ACTIVITY -
After finding the line with "1221 Lovers Ln, Bastrop, TX 78602", restate it and each remaining line of the material word for word, omitting every picture.

____ DATASET EXTRACT

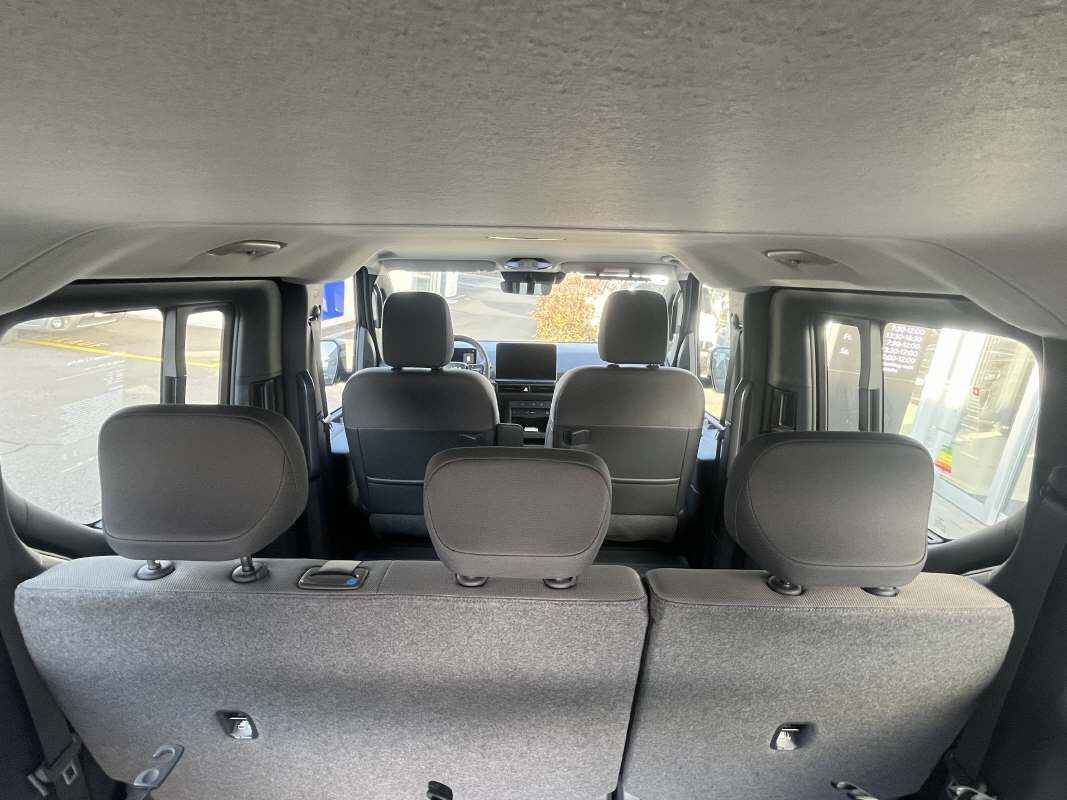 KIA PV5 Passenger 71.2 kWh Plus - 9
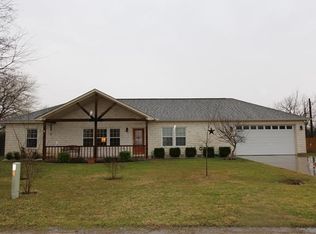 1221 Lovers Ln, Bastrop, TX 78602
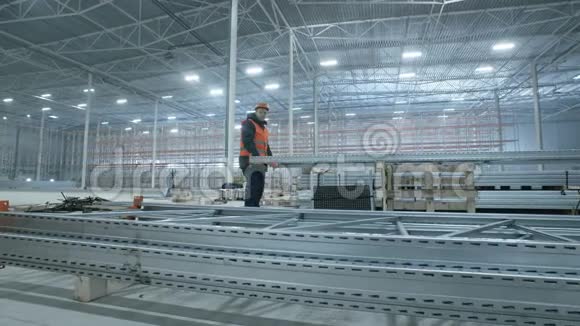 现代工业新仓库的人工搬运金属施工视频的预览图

________

SOLUTION TO THE EXERCISE -
 1221 Lovers Ln, Bastrop, TX 78602
 现代工业新仓库的人工搬运金属施工视频的预览图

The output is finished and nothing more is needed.